= PROBLEM DESCRIPTION =
Extract the text of every entry below exactly; leave images out.
════
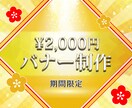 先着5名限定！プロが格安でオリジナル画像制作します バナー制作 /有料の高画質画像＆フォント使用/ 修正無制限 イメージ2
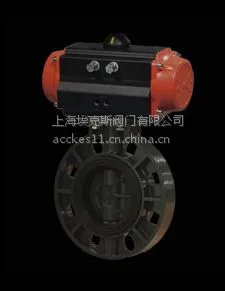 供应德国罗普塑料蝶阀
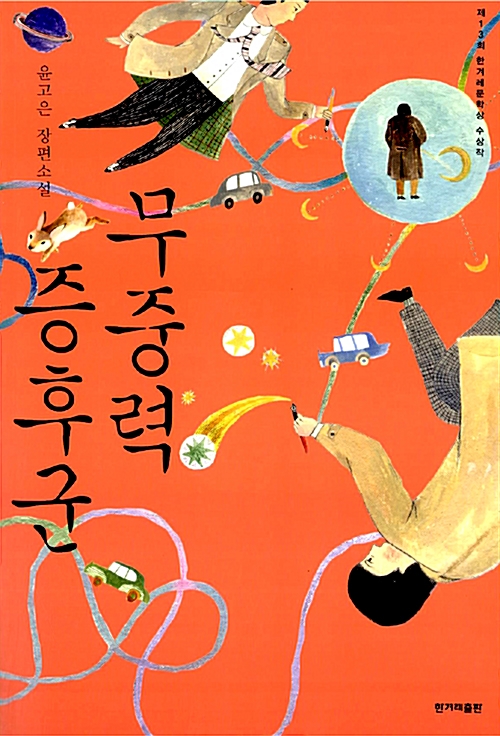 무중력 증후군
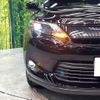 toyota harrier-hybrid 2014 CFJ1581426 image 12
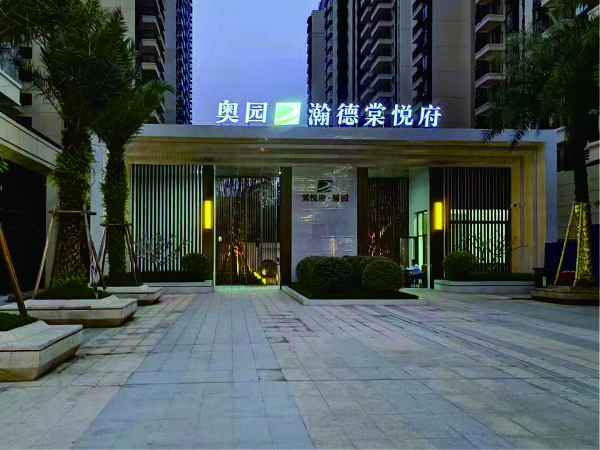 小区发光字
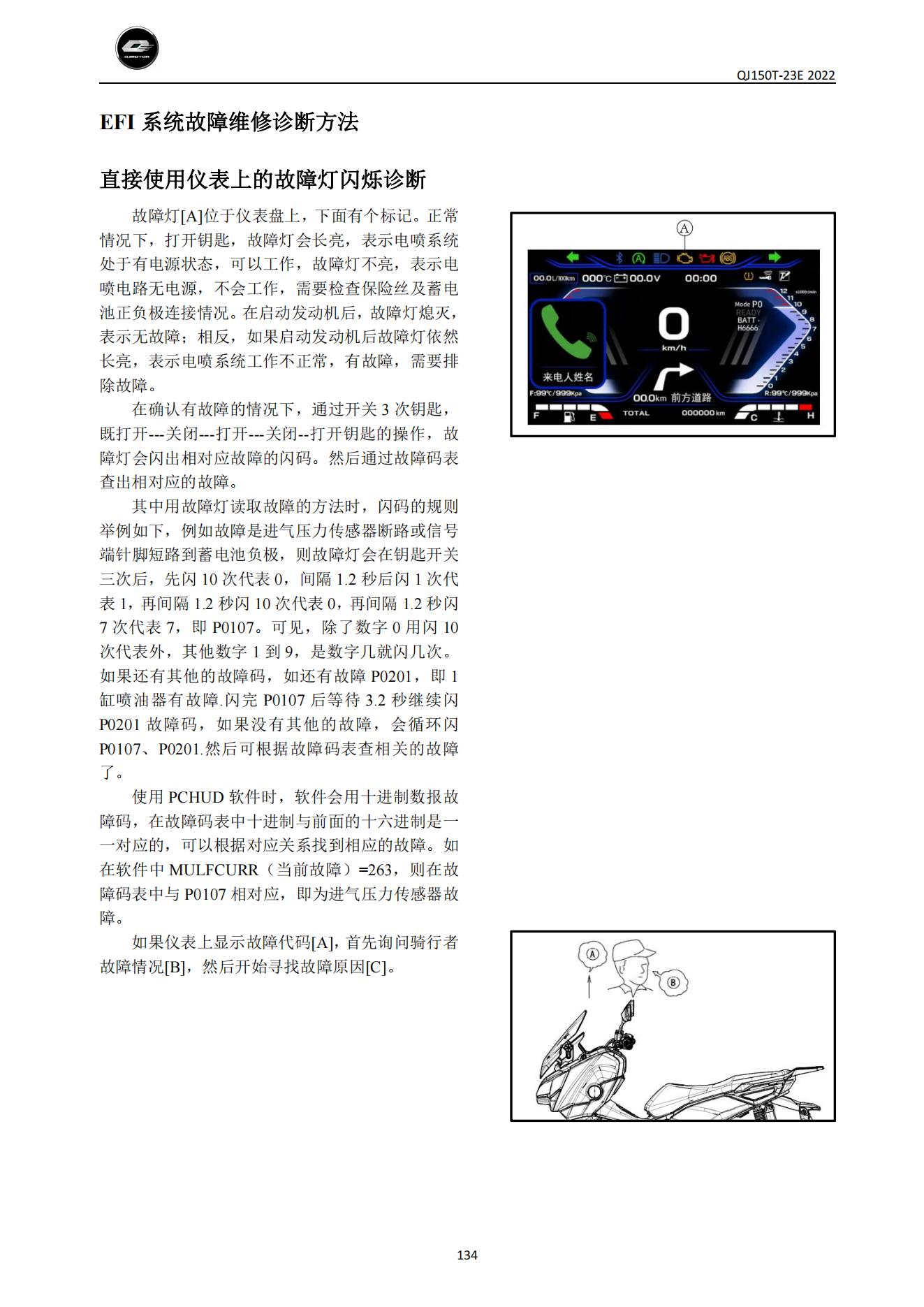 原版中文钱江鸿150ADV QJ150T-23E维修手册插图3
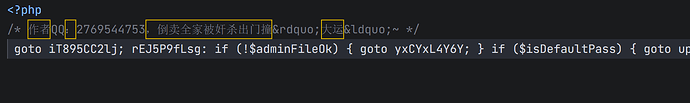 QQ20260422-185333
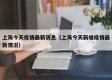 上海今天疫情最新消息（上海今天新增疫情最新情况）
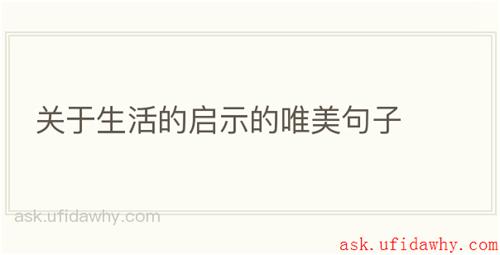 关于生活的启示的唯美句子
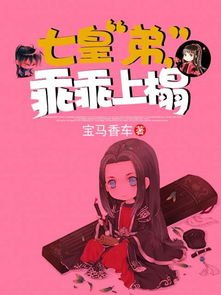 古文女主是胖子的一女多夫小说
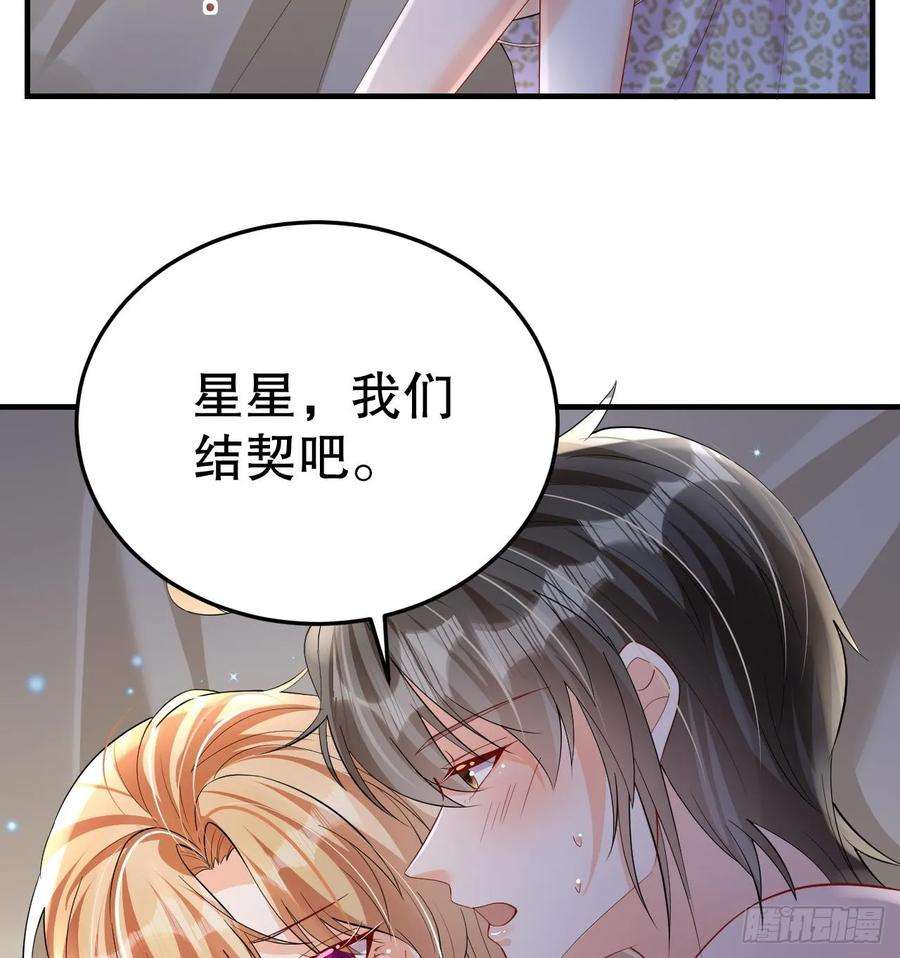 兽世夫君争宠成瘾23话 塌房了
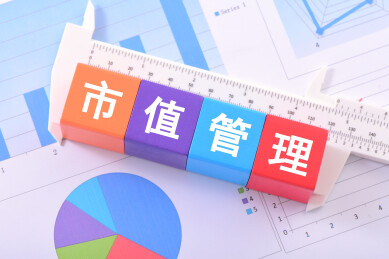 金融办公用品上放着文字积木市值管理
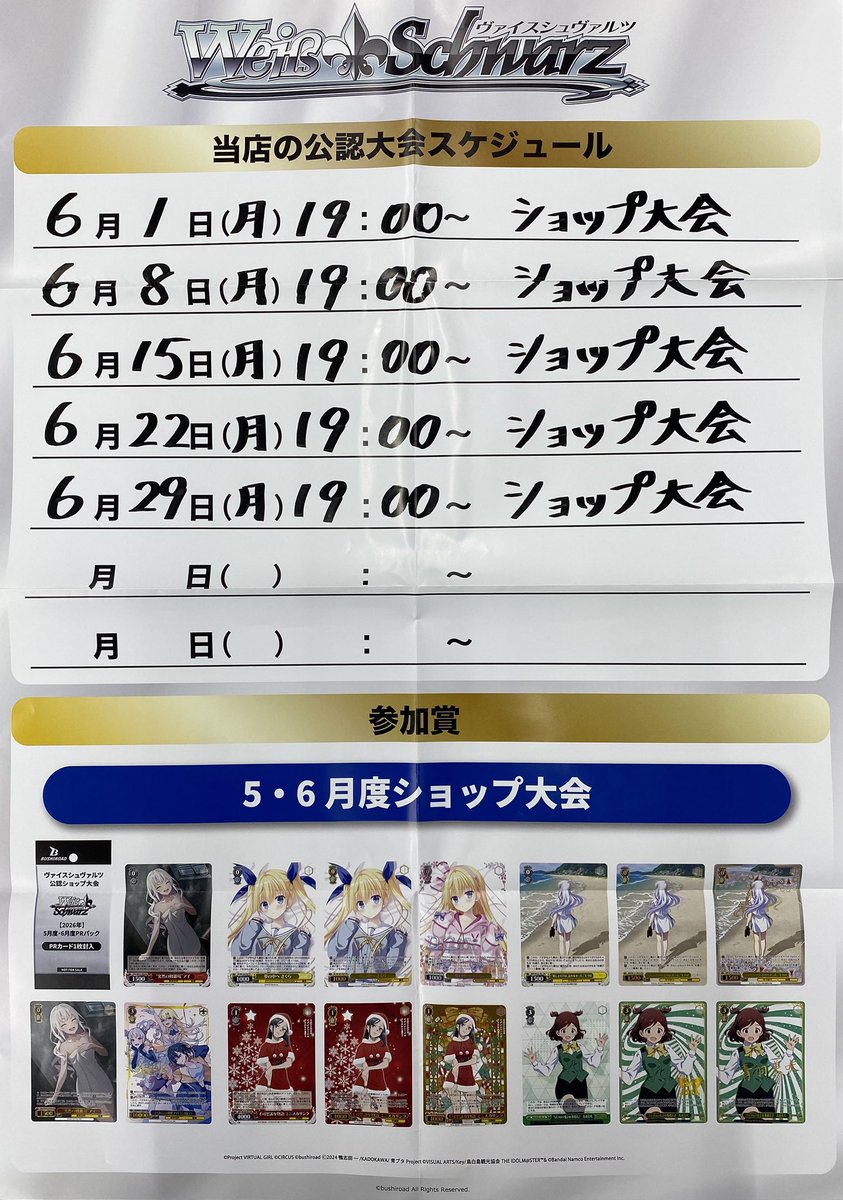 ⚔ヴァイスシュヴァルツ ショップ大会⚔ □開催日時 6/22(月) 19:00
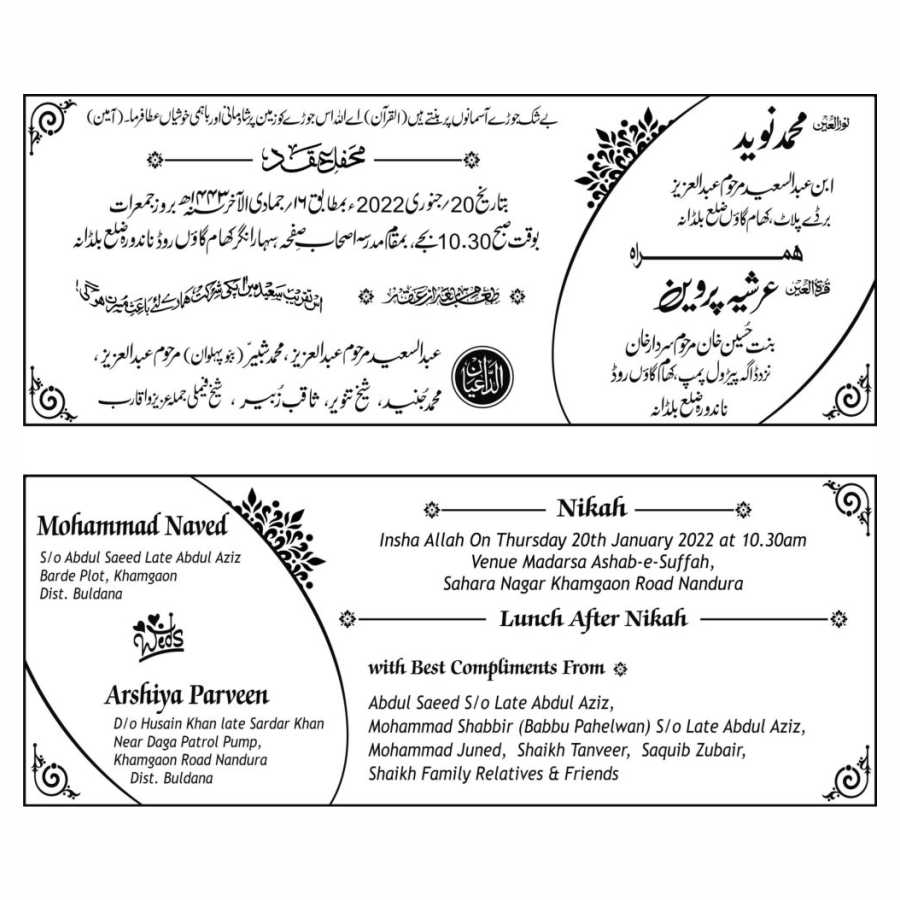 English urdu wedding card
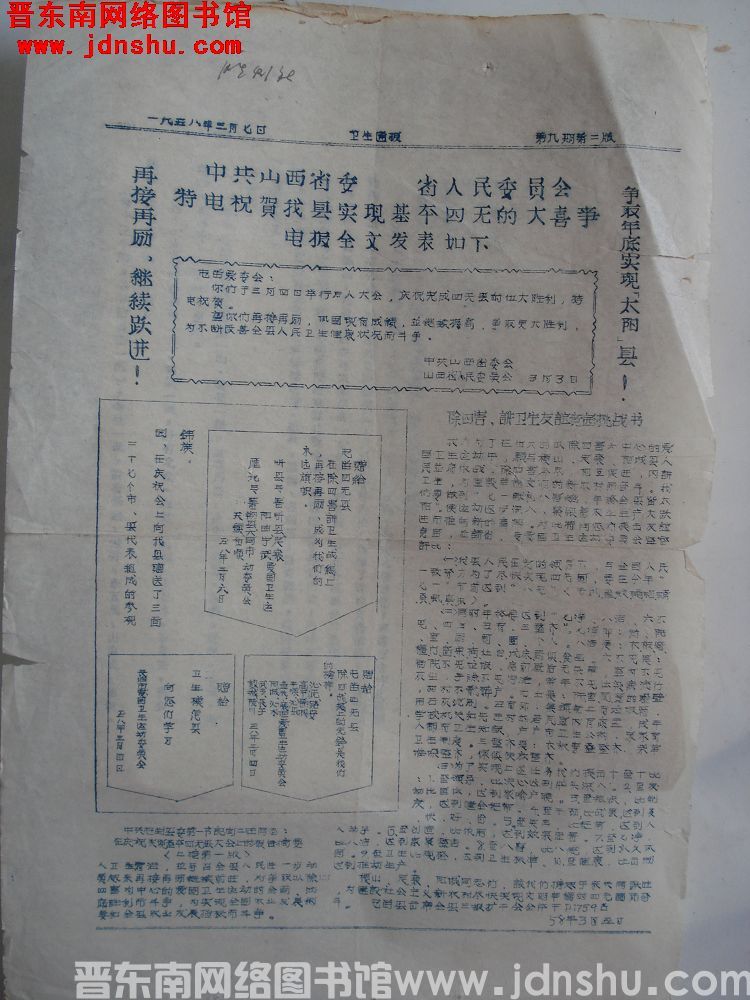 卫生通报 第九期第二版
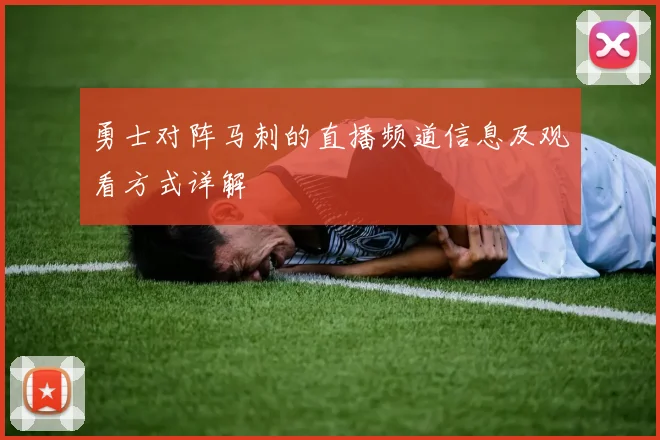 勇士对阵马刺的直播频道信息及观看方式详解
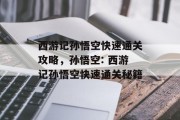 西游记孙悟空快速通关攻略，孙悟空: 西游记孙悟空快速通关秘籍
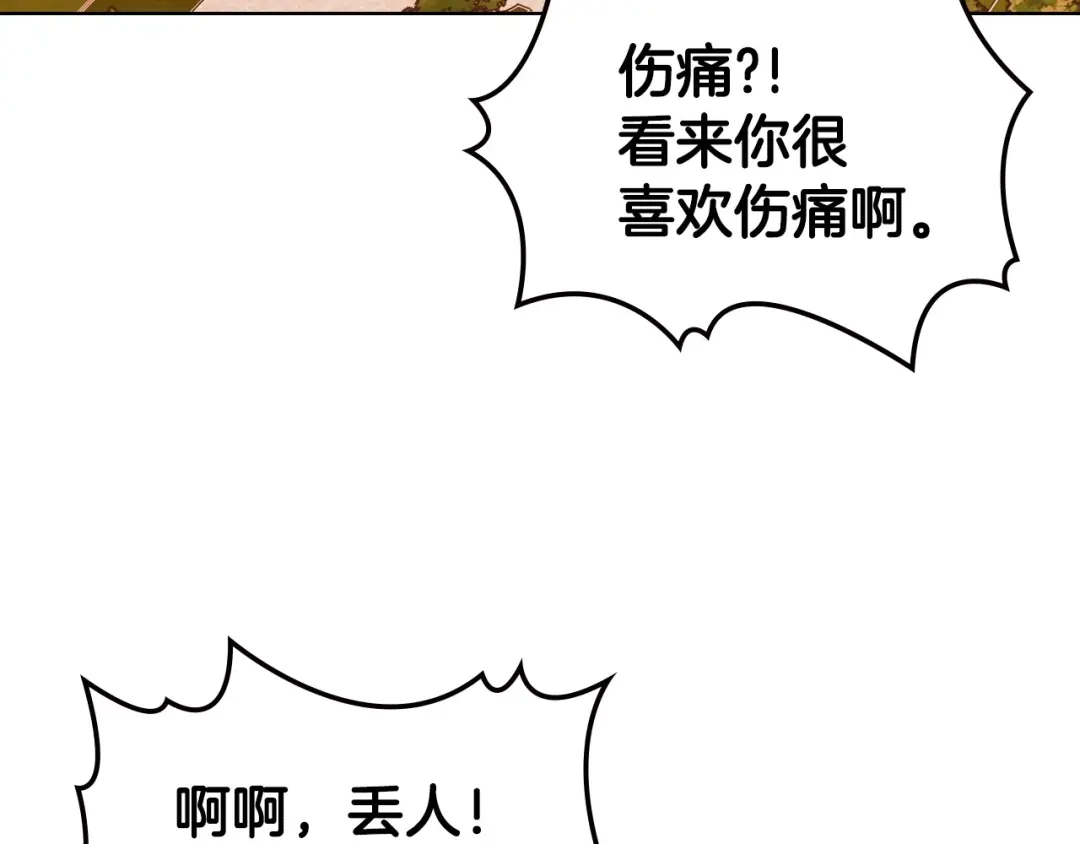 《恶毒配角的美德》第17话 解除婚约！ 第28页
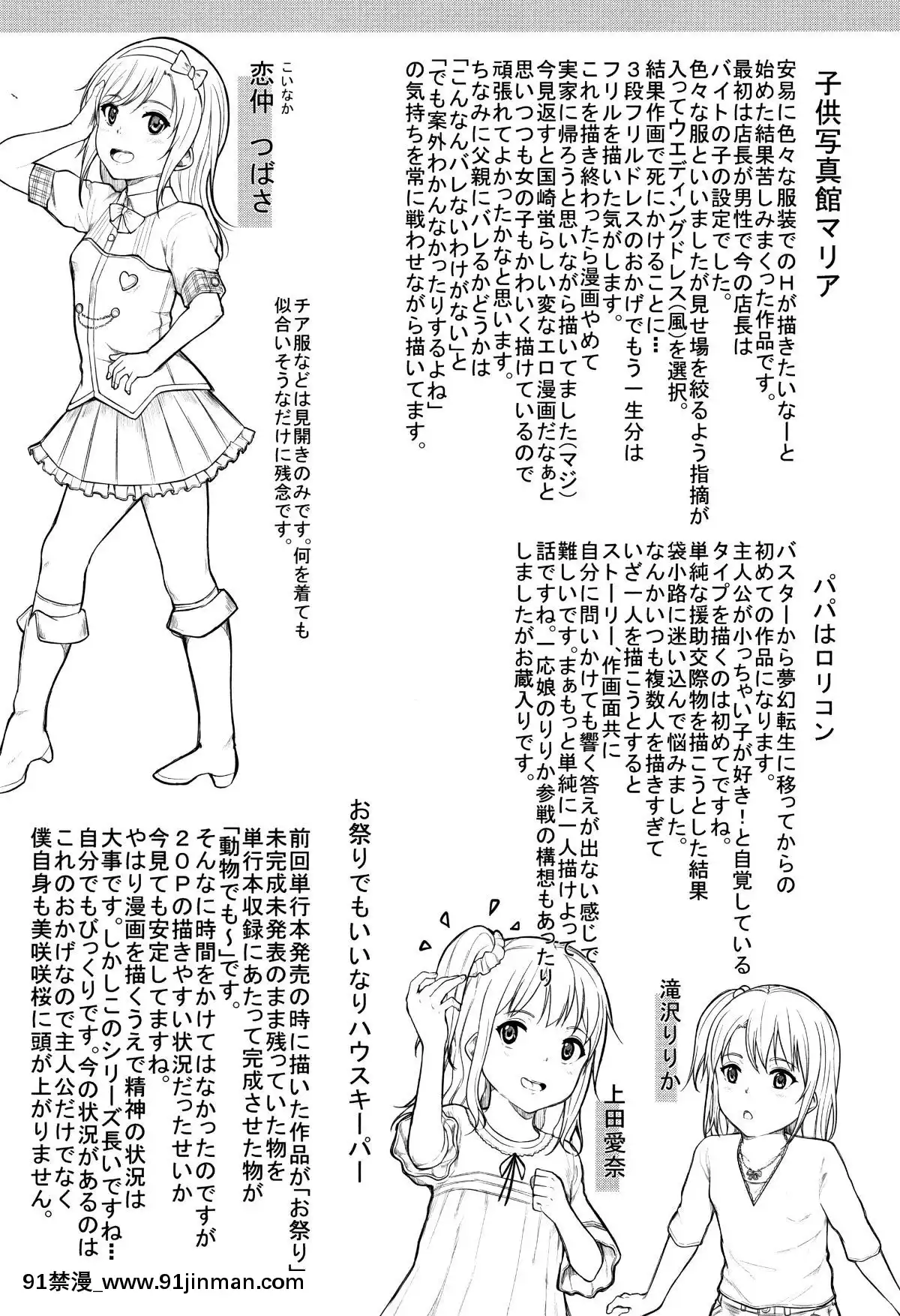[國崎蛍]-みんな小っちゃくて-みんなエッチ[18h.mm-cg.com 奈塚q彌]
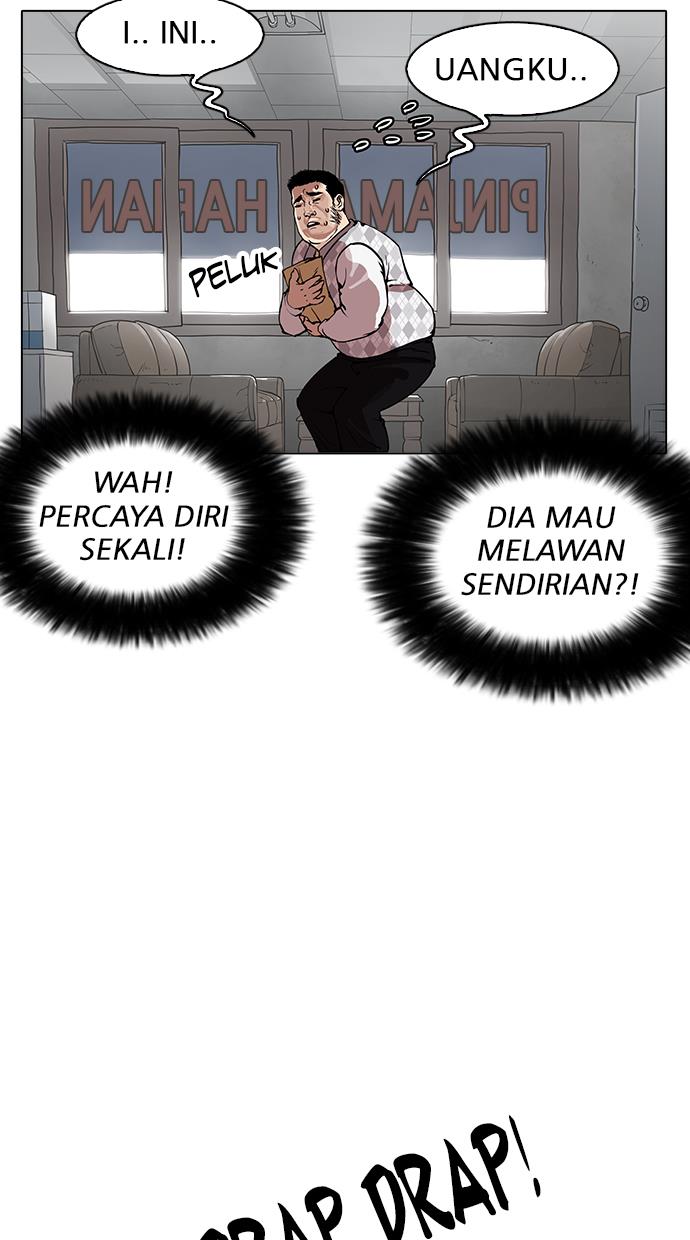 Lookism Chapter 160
════
= ANSWER SECTION =
 先着5名限定！プロが格安でオリジナル画像制作します バナー制作 /有料の高画質画像＆フォント使用/ 修正無制限 イメージ2
 供应德国罗普塑料蝶阀
 무중력 증후군
 toyota harrier-hybrid 2014 CFJ1581426 image 12
 小区发光字
 原版中文钱江鸿150ADV QJ150T-23E维修手册插图3
 QQ20260422-185333
 上海今天疫情最新消息（上海今天新增疫情最新情况）
 关于生活的启示的唯美句子
 古文女主是胖子的一女多夫小说
 兽世夫君争宠成瘾23话 塌房了
 金融办公用品上放着文字积木市值管理
 ⚔ヴァイスシュヴァルツ ショップ大会⚔ □開催日時 6/22(月) 19:00
 English urdu wedding card
 卫生通报 第九期第二版
 勇士对阵马刺的直播频道信息及观看方式详解
 西游记孙悟空快速通关攻略，孙悟空: 西游记孙悟空快速通关秘籍
 《恶毒配角的美德》第17话 解除婚约！ 第28页
[國崎蛍]-みんな小っちゃくて-みんなエッチ[18h.mm-cg.com 奈塚q彌]
 Lookism Chapter 160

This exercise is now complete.